Replies from: Florian_Dietz
comment by Florian_Dietz · 2022-08-17T17:39:52.823Z · LW(p) · GW(p)

This is a great point. I don't expect that the first AGI will be a coherent agent either, though.

As far as I can tell from my research, being a coherent agent is not an intrinsic property you can build into an AI, or at least not if you want it to have a reasonably effective ability to learn. It seems more like being coherent is a property that each agent has to continuously work on.

The reason for this is basically that every time we discover new things about the way reality works, the new knowledge might contradict some of the assumptions on which our goals are grounded. If this happens, we need a way to reconfigure and catch ourselves.

Example: A child does not have the capacity to understand ethics, yet. So it is told "hurting people is bad", and that is good enough to keep it from doing terrible things until it is old enough to learn more complex ethics. Trying to teach it about utilitarian ethics before it has an understanding of probability theory would be counterproductive.

Replies from: shminux
comment by shminux · 2022-08-17T22:30:47.952Z · LW(p) · GW(p)

I agree that even an AGI would have shifting goals. But at least at every single instance of time one assumes that there is a goal it optimizes for. Or a set of rules it follows. Or a set of acceptable behaviors. Or maybe some combination of those. Humans are not like that. There is no inner coherence ever, we just do stuff we are compelled to do in the moment.

Replies from: Florian_Dietz
comment by Florian_Dietz · 2022-08-19T21:09:36.844Z · LW(p) · GW(p)

Contemporary AI agents that are based on neural networks are exactly like that. They do stuff they feel compelled to in the moment. If anything, they have less coherence than humans, and no capacity for introspection at all. I doubt that AI will magically go from this current, very sad state to a coherent agent.

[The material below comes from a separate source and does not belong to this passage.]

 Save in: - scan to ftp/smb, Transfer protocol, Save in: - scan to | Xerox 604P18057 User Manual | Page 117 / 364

It might modify itself into being coherent some time after becoming super intelligent, but it won't be coherent out of the box.

Replies from: shminux
comment by shminux · 2022-08-19T22:31:23.647Z · LW(p) · GW(p)

Interesting. I know very little about the ML field, and my impression from reading what the ML and AI alignment experts write on this site is that they model an AI as an agent to some degree, not just "do something incoherent at any given moment".

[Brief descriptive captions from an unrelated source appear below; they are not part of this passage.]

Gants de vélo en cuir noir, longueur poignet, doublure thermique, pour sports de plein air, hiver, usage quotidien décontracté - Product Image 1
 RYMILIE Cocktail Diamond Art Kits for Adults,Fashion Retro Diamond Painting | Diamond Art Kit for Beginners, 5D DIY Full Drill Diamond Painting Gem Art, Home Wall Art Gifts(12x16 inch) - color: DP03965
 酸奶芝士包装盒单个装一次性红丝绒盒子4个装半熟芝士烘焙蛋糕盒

Replies from: Florian_Dietz
comment by Florian_Dietz · 2022-08-20T07:54:57.326Z · LW(p) · GW(p)

I mean "do something incoherent at any given moment" is also perfectly agent-y behavior. Babies are agents, too.

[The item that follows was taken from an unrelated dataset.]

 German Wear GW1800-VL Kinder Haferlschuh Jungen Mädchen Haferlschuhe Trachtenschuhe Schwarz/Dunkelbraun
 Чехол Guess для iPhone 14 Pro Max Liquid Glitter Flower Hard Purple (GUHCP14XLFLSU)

I think the problem is modelling incoherent AI is even harder than modelling coherent AI, so most alignment researchers just hope that AI researchers will be able to build coherence in before there is a takeoff, so that they can base their own theories on the assumption that the AI is already coherent.

I find that view overly optimistic. I expect that AI is going to remain incoherent until long after it has become superintelligent.